Le docteur avait eu l'idée d'élever un cairn au port Léopold, et d'y déposer une note indiquant le passage du Forward et le but de l'expédition. Mais Hatteras s'y opposa formellement; il ne voulait pas laisser derrière lui des traces dont quelque concurrent eût pu profiter. Malgré ses bonnes raisons, le docteur fut obligé de céder à la volonté du capitaine. Shandon ne fut pas le dernier à blâmer cet entêtement, car, en cas de catastrophe, aucun navire n'aurait pu s'élancer au secours du _Forward_.

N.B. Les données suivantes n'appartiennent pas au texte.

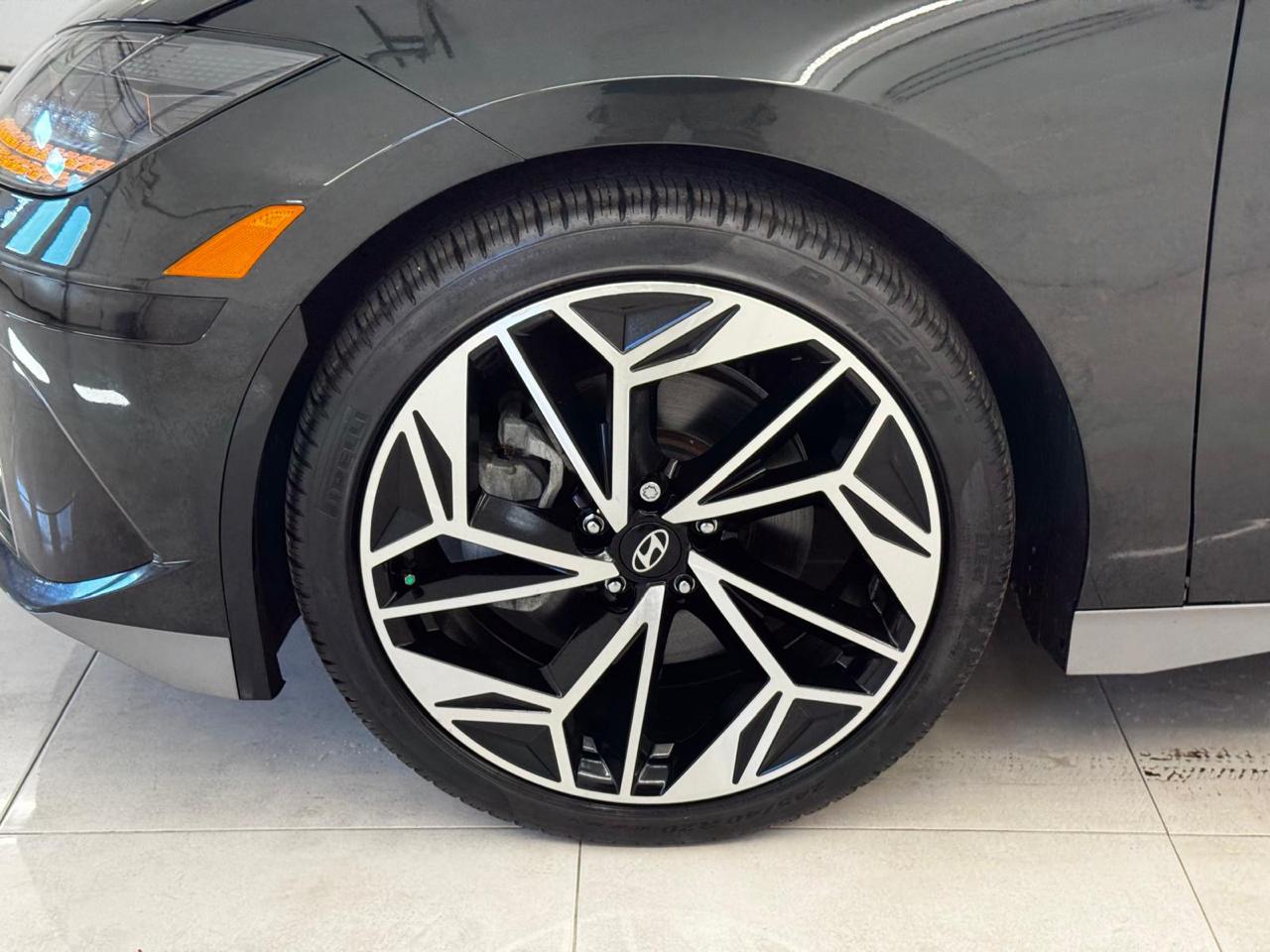 Hyundai Ioniq 6 SEL RWD 2023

Hatteras ne voulut pas se rendre à ces raisons. Son chargement étant terminé le lundi soir, il tenta encore une fois de s'élever au nord en forçant la banquise, mais après de dangereux efforts, il dut se résigner à redescendre le canal du Régent; il ne voulait à aucun prix demeurer au port Léopold, qui ouvert aujourd'hui pouvait être fermé demain par un déplacement inattendu des ice-fields, phénomène très-fréquent dans ces mers et dont les navigateurs doivent particulièrement se défier.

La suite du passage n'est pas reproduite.